Write meaningful commit messages. "Updated script" is useless six months later. "Added fastp trimming step with --qualified_quality_phred 20" tells you exactly what changed.
Commit only 00_meta/ and 02_scripts/ by default. These are small, text-based, and irreplaceable. Everything else is either too large or regenerable.
Keep the repository small. A bioinformatics project repo should be well under 100 MB. If git feels slow, run git count-objects -vH to check the repo size.
One project, one repository. Do not put multiple unrelated projects in a single repo, and do not scatter one project’s scripts across multiple repos.

Quick-start checklist

Copy this checklist and run through it at the start of every new project.

Create the project directory on Scratch

PROJECT="YYYYMMDD_ProjectName_AnalysisType"
mkdir -p ${RCAC_SCRATCH}/${PROJECT}/{00_meta,01_data/{raw,processed},02_scripts,03_analysis,04_results/{figures,tables},99_logs}
cd ${RCAC_SCRATCH}/${PROJECT}

Symlink raw data from Depot (do not copy)

ln -s /depot/<group>/data/my_fastqs 01_data/raw

Write the README

Create 00_meta/README.md with: project name, date, PI, goal, sample summary, and pipeline overview.
Create a sample manifest

Create 00_meta/sample_manifest.tsv mapping sample IDs to filenames, conditions, and any metadata.

Initialize Git

git init
cp /path/to/your/template/.gitignore .
git add 00_meta/ 02_scripts/
git commit -m "Initial project setup"

Record software versions

module list 2>&1 > 00_meta/software_versions.txt

Write your first script in 02_scripts/

Name it 01_qc-fastqc.sh.

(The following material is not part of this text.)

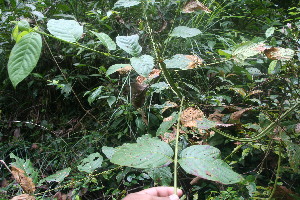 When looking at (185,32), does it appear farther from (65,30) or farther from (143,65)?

Point SLURM logs to 99_logs/:
```
#SBATCH --output=99_logs/01_qc_%j.out
#SBATCH --error=99_logs/01_qc_%j.err
```
Check quota before starting
```
myquota
```

That is the entire setup. It takes five minutes at the start of a project and saves days of confusion later. The key principle is simple: keep your raw data safe, keep your scripts under version control, and keep your results organized; so anyone, including future you, can understand and reproduce your work.